Kurztext
Der Standort Forst (Lausitz) wird als Ressource
verstanden, der durch seine enormen, in den Gebäuden
der ehemaligen Textilindustrie gebundenen
Materialien hohes Potenzial für die Wiederverwendung
birgt. Der Entwurf verknüpft die derzeitige
Entwicklung hin zu einer professionalisierten Wiederverwendung
im Bauwesen im Sinne einer Design
Assistance mit bereits erprobten Funktionen
von Lagerstätten und Reparaturwerkstätten. Es
entsteht eine dezentral agierende Zwischenlager-,
Aufbereitungs- und Planungsstätte für gebrauchte
Bauteile auf dem Areal der Parkstraße 14. Als Ort der
Wiederverwendung wirkt die Bauteil(de)zentrale
als Katalysator für eine gesamtstädtische materielle
und räumliche Reaktivierung des Gebäudebestandes.

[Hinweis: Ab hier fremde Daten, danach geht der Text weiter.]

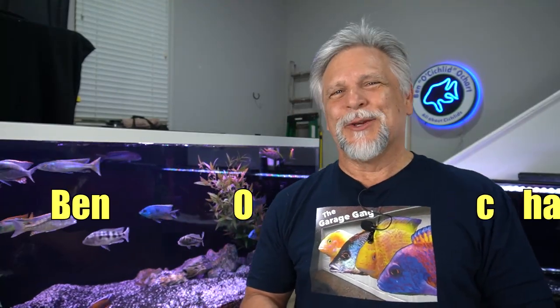Hello friends, Ben Ochart here. Thank you so much for tuning in. With all this talk about supply chain issues and things of this nature, I thought I'd put out an early Christmas shopping video on some items that were sent to me for review by my friends over at Hyger.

Architektonisch manifestiert sich die Design
Assistance als übergeordnetes und verbindenes
Funktionsglied, in einem aus wiederverwendeten
Bauteilen erstellten, über dem Bestandsbau aufragenden
Dachgeschoss. Als ausdruckstarkes Element
bilden nach dem Prinzip »form follows availability
« insgesamt neun, in einer Bestandshalle des
Areals, geborgene Stahlfachwerkträger die Grundlage
für das Tragwerk und die daraus resultierenden Räume. Eine in verschiedenen Farbtönen schimmernde
Lamellenfassade bildet die Grundstruktur
für ein Geschoss, welches à la Bricolage aus
verschiedenen Bauteilschichten und Materialien
zusammengefügt wird. Die bestehende Gebäudestruktur
der ehemaligen Textilfabrik wird dabei reaktiviert
und den Bedingungen der neuen Funktionen
nach angepasst. Als ein von der Design Assistance
koordiniertes zirkuläres Unternehmensmodell, fügen
sich die einzelnen Funktionen zur »Bauteil(de)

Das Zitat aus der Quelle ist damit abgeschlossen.